He also relied on similar observations by Toohey J. in Bell v Australasian Recyclers (W.A.) Pty. Ltd. (1986) ATPR 47212 at p 47218, who explained that a party to a contract does not engage in misleading or deceptive conduct for the purposes of s.52 "merely because it fails to meet its obligations".

  1. Mr. Bleby's second argument was that the conduct of the respondent that has been challenged could only be classified as a promise to perform "a future act" - that is, to make a loan of money at some date in the future; he argued that the pleadings were deficient in that they failed to allege that his client falsely made the promise or was recklessly indifferent to its ability to perform its promise. In support of that argument, Mr. Bleby relied upon the decision in Bill Acceptance Corporation Ltd. v G.W.A. Ltd. (1983) 50 ALR 242. In that case contravention of s.52 had been pleaded and damages and other relief had been sought under ss.82 and 87. The claim was based upon an allegation that the respondent had failed to pay the applicant a procuration fee that had earlier been fixed by agreement. In deciding that it was appropriate to strike out the statement of claim, Lockhart J. commented:-

"So far as I am able to characterize the allegations in the statement of claim as representations or statements as to future conduct of the respondent, they involve no element of absence of belief by the respondent in the truth of the statements and no element of reckless indifference to their accuracy. They are simply promises by the respondent that it will pay a certain sum of money on a particular event. That event occurred, but the money was not paid."(p 249)
  1. Such strength as may have attached to these two arguments were, in my opinion, and contrary to Mr. Bleby's submissions, dissipated by the last-minute amendments that were made to the statement of claim. The applicants had originally pleaded in para. 22 the agreement to make the additional loan, supporting that allegation by particularising a letter from the respondent to Landsal dated 9 September 1986; that letter was said to evidence the agreement. In paras. 23-25 of the statement of claim, as originally filed, there were allegations of conduct on the part of the respondent between 9 September and 18 November which conduct was allegedly misleading or deceptive. It was upon the basis of those pleadings that Mr. Bleby argued, first, that the issue was, at the most, no more than an allegation of a breach of contract and secondly, that s.52 could not apply (notwithstanding the provisions of s.51A) unless it was pleaded, that the respondent either did not have reasonable grounds for making the representation, or that it did not believe in the truth of the representation, or that it was recklessly indifferent to what was stated.

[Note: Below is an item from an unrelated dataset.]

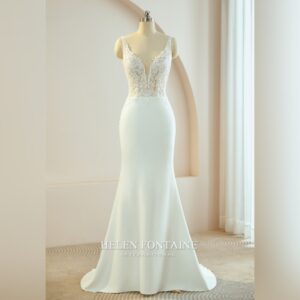 BRIDAL MERMAID CREPE WEDDING DRESS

  2. However the amended statement of claim contained the following new allegation in para 25.1 -

"As at the 9th day of September, 1986 the respondent did not intend to advance the additional loan to Landsal or prepare updated mortgage documents."
  1. To aver the absence of the relevant intention (at the time of writing to Landsal the letter which allegedly contained the agreement to make the additional loan) can only mean that the respondent is now faced with the accusation that it did not believe in the truth of the representation that it allegedly made. Whether or not the applicants can prove the lack of intention is not a matter that need be considered at this stage. The allegations that have been advanced by the applicants are to be assessed by assuming that the facts, as pleaded, are accurate.

  2. The draftsman of the amended statement of claim also sought to overcome Mr. Bleby's first argument (and in my opinion successfully so) by inserting an alternative plea that subsequent to 9 September 1986 "the respondent changed its intention as reflected in its letter dated the 9th day of September 1986 and decided to not advance the additional loan to Landsal". This allegation identifies an alleged change of intention coupled with the failure to inform the applicants of the change until 18 November as the misleading and deceptive conduct; it amounts to an allegation of misrepresentation by silence: (Rhone-Poulenc Agrochimie S.A. and Another v U.I.M. Chemical Services Pty. Ltd. and Another (1986) 68 ALR 77 at p 84 per Bowen C.J.; Collins Marrickville Pty. Ltd. v Henjo Investments Pty. Ltd. and Others (1987) 72 ALR 601 at p 609 per Wilcox J.). As currently pleaded, it would not be accurate to classify the statement of claim as a mere allegation of a breach of contract.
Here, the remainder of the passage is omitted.